Both parties relied on Lord Diplock’s consideration of ‘inherent vice’ in Soya GmbH Mainz Kommanditgesellschaft v White [1983] 1 Lloyd’s Rep 122 (‘Soya’):

‘This phrase […] where it is used in section 55(2)(c) refers to a peril by which a loss is proximately caused; it is not descriptive of the loss itself.  It means the risk of deterioration of the goods shipped as a result of their natural behaviour in the ordinary course of the contemplated voyage without the intervention of any fortuitous external accident or casualty’.

The insurers argued that in this instance the inherent vice was the oil rig’s internal risk of deterioration; and that such risk eventuated and was the proximate cause of the ultimate failure of the oil rig’s legs because the goods were simply not capable of withstanding the normal incidents of the insured voyage, including the weather reasonably to be expected.  In support of that proposition, the insurers relied upon numerous authorities including Donaldson LJ’s decision in the Court below in Soya and Moore Bick J’s decision regarding the shipment of a transformer in Mayban General Insurance v Alstom Power Plants Ltd [2004] 2 Lloyd’s Rep 609 (‘Mayban’).

The Supreme Court in separate judgments unanimously rejected the insurers’ submission.  Lord Saville pithily illustrated his criticism of such an analysis (at [27]):

‘There is nothing to suggest that Lord Diplock was in agreement with the definition of inherent vice suggested by Donaldson LJ, namely that a loss is proximately caused by inherent vice if the natural behaviour of the goods is such that they suffer a loss in circumstances in which they are expected to be carried. Such a definition pays scant regard as to how and in what circumstances the loss occurred.’

In fact the trial judge had found that, whilst the failure of the rig’s legs was very probable, it was not inevitable, and required a ‘leg breaking’ or ‘final straw’ stress.  According to one of the experts at trial, a particular wave had to catch the leg ‘just right’ if the leg was to fail all the way around.
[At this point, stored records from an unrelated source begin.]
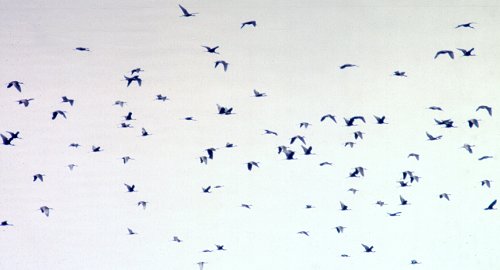 Bombay Hook NWR, DE - Aug. 24, 1987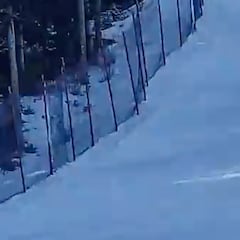 Unos esquiadores, atemorizados por un ciervo en Canadá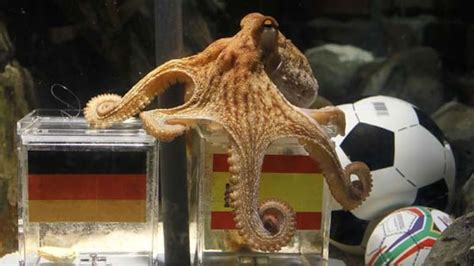 Paul the Octopus, World Cup oracle, dies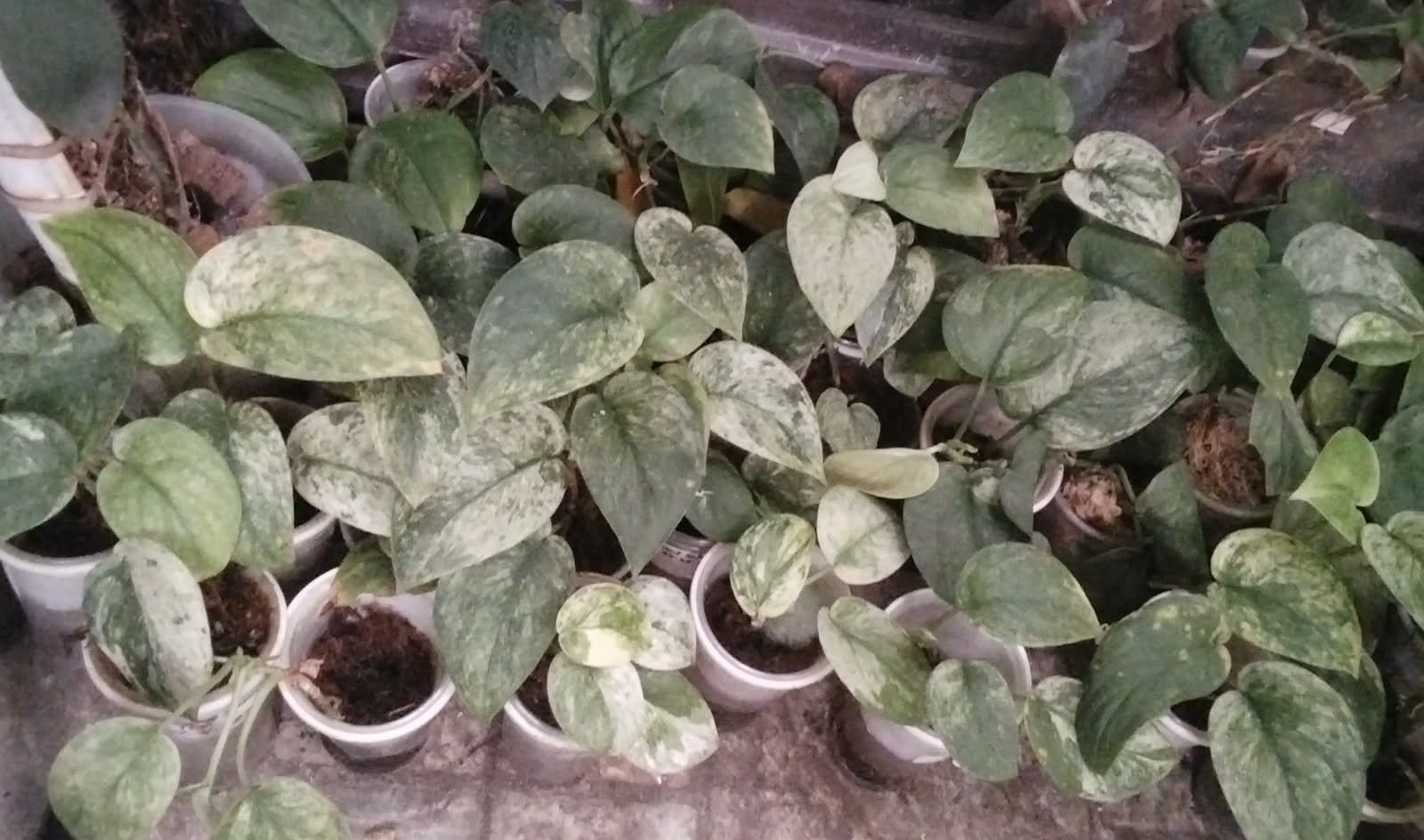 inbound1963246318255025562 by phgmanila2021, garden owner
As noted, the weather itself was not extraordinary and was within reasonable contemplation.  The term ‘perils of the sea’ in the MIA refers ‘only to fortuitous accidents or casualties of the seas’ and specifically does not include ‘the ordinary action of the wind and waves’.[1]  Nonetheless the Supreme Court rejected the trial judge’s reasoning by implication that, because the weather was not extraordinary the proximate cause of the loss must have been an inherent vice of the cargo.  In so doing, the Supreme Court unanimously rejected Moore Bick J’s decision in Mayban.

None of the Court suggested that the inherent vice exclusion can apply only where the nature of the cargo is such that the loss is inevitable.[2] Rather, because there had been a fortuitous action of a particular wave bringing about the incident, the Supreme Court was able to conclude unanimously that the proximate cause of the loss was a peril of the sea.

Further, because there is no exception for the unseaworthiness of cargo under the Institute Cargo Clauses or the MIA, the ‘inherent vice’ exception should be not be given an interpretation which broadly would exclude an insurer’s liability for cargo that was unable to withstand weather that was within reasonable contemplation for the voyage.

Comment                    

The case is consistent with Australian High Court authority and in particular Skandia Insurance Co Ltd v Skoljarev (1979) 42 CLR 375 insofar as the UK Supreme Court has confirmed that there is no need for there to be an extraordinary fortuity for the proximate cause of a loss to be attributable to a peril of the sea.  However, unlike the situation in Skandia, the Court was careful to articulate precisely how the loss occurred.  The case may have been decided differently absent positive evidence of a fortuity.

Insurers wishing to rely on the inherent vice exclusion should be mindful to ensure that there is an absence of any fortuity causing loss or deterioration to the cargo, and should ensure they have evidence focusing on the inherent nature of the cargo causing its deterioration.

[1] See the rules for construction contained in the Second Schedule to the MIA.[2] Such a finding would be inconsistent with the Court of Appeal’s decision in Soya [1982] 1 Lloyd’s Rep 136, and also in TM Noten BV v Harding [1990] 2 Lloyds Rep 283.